Despite acquittal, Brown will still face Senate ethics inquiry

Charlie MegginsonGovernment, Headlines


Brown was found not guilty Thursday on charges of offensive touching and disorderly conduct.

Despite being acquitted Thursday on charges of offensive touching and disorderly conduct, State Sen. Darius Brown will still face a Senate Rules and Ethics Committee review when the General Assembly reconvenes. 

In a statement following news that the jury found the Wilmington Democrat not guilty on all charges, Senate President Pro Tempore Dave Sokola said it remains clear that “Sen. Brown has been involved in multiple confrontations in public spaces over the last year, regardless of whether that behavior rose to the level of criminal conduct.”

“As elected representatives of the people we serve, I believe we owe it to Delawareans to hold ourselves to a higher level of accountability and conduct,” Sokola said. “In the coming weeks, the Senate Rules and Ethics Committee will fully review all of the allegations leveled against Sen. Brown, and I will have no further comment on the matter until that time.” 

During the two-day trial at the Leonard L. Williams Justice Center in Wilmington, the victim accused Brown of hitting her then throwing a martini glass at her during an argument at Taverna Rustic Italian Restaurant in May of 2021. 

Each misdemeanor charge carried a statutory maximum penalty of 30 days in prison.

The prosecution called five witnesses to the stand, including the victim, a patron at the restaurant, a bartender, a waiter and a State Police Trooper.

None of the other witnesses saw the altercation occur and only turned to see what was going on after they heard the glass shatter. 

Further complicating matters for the prosecution, the incident occurred just out of view of the lone security camera in that part of the restaurant. 

Ultimately, the jury of seven women and five men found that sufficient evidence did not exist to convict Brown of disorderly conduct or offensive touching, or the lesser charge of attempted offensive touching.

The victim, who was sitting in the back of the courtroom when the verdict was announced, left the room quickly after the jury was excused.

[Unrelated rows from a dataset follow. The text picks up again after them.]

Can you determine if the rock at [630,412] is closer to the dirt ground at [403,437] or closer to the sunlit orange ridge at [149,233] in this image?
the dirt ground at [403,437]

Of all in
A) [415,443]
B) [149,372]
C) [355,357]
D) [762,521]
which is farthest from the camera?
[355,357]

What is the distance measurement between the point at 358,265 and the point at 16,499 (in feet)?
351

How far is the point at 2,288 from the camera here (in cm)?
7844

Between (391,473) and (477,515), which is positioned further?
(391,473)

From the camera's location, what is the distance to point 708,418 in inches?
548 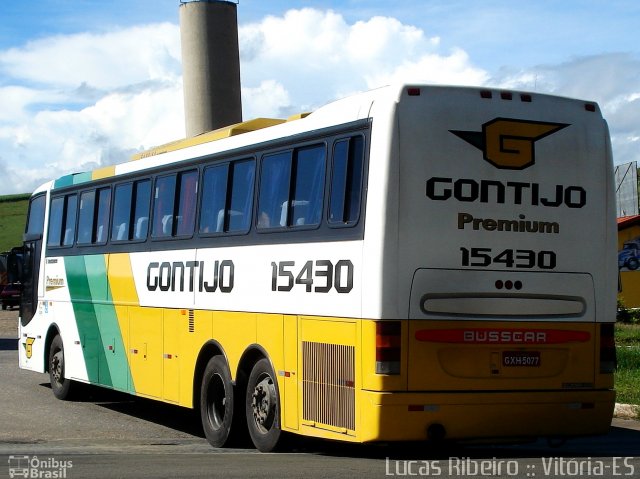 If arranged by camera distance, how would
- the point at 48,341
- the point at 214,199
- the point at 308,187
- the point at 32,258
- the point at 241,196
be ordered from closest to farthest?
1. the point at 308,187
2. the point at 241,196
3. the point at 214,199
4. the point at 48,341
5. the point at 32,258

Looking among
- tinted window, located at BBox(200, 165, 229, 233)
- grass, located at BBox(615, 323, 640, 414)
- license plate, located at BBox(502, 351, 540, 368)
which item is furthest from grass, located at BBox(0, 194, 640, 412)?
tinted window, located at BBox(200, 165, 229, 233)

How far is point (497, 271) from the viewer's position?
10867 millimetres

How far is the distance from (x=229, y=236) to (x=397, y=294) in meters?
3.29

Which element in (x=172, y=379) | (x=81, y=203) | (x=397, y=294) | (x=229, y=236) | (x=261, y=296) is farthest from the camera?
(x=81, y=203)

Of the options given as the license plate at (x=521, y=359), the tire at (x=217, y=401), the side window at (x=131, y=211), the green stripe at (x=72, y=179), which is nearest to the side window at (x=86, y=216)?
the green stripe at (x=72, y=179)

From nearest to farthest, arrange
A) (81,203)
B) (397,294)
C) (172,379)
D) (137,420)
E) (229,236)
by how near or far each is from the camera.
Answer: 1. (397,294)
2. (229,236)
3. (172,379)
4. (137,420)
5. (81,203)

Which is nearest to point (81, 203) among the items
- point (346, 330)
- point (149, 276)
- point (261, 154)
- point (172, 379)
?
point (149, 276)

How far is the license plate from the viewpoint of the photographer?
10.8m

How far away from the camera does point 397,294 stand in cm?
1040

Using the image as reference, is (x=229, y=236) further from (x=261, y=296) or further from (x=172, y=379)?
(x=172, y=379)

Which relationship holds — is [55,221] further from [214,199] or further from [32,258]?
[214,199]

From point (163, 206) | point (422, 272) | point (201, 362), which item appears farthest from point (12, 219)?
point (422, 272) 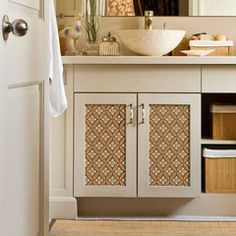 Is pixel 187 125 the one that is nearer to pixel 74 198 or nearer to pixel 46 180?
pixel 74 198

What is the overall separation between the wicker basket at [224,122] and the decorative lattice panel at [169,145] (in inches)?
8.0

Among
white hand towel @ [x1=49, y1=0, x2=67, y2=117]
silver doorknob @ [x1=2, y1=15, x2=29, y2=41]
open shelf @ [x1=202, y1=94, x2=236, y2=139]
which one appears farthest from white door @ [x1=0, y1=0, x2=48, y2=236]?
open shelf @ [x1=202, y1=94, x2=236, y2=139]

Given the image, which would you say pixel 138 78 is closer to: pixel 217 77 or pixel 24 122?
pixel 217 77

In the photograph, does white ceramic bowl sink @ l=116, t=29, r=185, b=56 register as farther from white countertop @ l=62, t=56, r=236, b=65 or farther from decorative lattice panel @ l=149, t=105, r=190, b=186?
decorative lattice panel @ l=149, t=105, r=190, b=186

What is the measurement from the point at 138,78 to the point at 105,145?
39cm

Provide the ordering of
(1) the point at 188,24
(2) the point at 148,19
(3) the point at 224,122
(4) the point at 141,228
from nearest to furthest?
(4) the point at 141,228
(3) the point at 224,122
(2) the point at 148,19
(1) the point at 188,24

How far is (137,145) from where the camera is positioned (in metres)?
2.97

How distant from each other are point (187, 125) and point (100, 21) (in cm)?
90

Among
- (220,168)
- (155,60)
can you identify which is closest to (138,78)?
(155,60)

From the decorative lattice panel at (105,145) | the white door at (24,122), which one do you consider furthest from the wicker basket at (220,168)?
the white door at (24,122)

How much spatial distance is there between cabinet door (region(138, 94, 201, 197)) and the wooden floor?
0.17 meters

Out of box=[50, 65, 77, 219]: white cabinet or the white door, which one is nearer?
the white door

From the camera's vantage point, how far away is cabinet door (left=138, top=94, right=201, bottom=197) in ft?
9.67

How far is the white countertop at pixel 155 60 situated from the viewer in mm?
2895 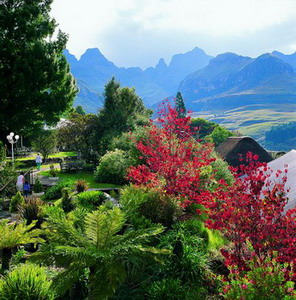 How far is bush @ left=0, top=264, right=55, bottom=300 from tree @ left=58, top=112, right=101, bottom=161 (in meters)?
25.7

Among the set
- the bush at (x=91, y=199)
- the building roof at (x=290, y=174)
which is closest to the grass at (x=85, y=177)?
the bush at (x=91, y=199)

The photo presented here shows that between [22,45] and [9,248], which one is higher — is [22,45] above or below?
above

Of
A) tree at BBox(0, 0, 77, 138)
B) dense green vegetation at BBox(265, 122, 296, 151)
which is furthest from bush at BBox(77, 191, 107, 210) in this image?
dense green vegetation at BBox(265, 122, 296, 151)

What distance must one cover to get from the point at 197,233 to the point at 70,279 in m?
4.59

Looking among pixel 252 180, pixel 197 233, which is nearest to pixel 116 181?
pixel 197 233

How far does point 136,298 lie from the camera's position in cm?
649

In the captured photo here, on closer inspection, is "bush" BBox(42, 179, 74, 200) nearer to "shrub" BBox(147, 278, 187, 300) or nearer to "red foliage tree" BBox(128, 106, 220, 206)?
"red foliage tree" BBox(128, 106, 220, 206)

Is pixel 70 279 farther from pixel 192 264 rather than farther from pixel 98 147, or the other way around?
pixel 98 147

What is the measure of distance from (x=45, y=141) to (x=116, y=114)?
8142mm

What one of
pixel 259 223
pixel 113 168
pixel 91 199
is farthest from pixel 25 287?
pixel 113 168

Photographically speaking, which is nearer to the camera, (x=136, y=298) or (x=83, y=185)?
(x=136, y=298)

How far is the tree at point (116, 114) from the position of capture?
32.5m

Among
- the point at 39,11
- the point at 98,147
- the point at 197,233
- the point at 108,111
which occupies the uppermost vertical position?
the point at 39,11

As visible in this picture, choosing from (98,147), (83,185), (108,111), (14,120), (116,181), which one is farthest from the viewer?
(108,111)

Following the verdict, Brown’s attorney, Bill Rhodunda, spoke with reporters outside of the courtroom.

“At the outset of this case, I advised my client to have this matter tried in the courts, not in the media,” Rhodunda said. “That’s why my client has made no statements on this matter since the date of his arrest. We came to the court, we presented the case. We’re very pleased with the verdict. It’s the verdict that we expected and we’ll have no further comments on this matter.”

Delaware Attorney General Kathy Jennings said in a statement that she’s grateful to the jury and the prosecutors for their service but disappointed in the outcome of the case.

“Above all else I am proud of the victim, who showed tremendous courage in facing the defendant, the jury and cross-examination in telling her story,” Jennings said. “These cases are notoriously challenging to prosecute and, in particular, for victims to endure.”

“The sad reality is that our society’s grip on the gravity of these crimes is still maturing,” Jennings continued. “Each year there are thousands of similar cases here and across this country that never attain this case’s profile, whose victims’ suffering happens in the shadows, and who have to hear the same verdicts rendered.”

“But if we had to go back and decide again, approached by the same victim, each of us would do the same thing: seek full accountability and justice for the victim. Nobody should be beneath justice. Nobody should be above the law.”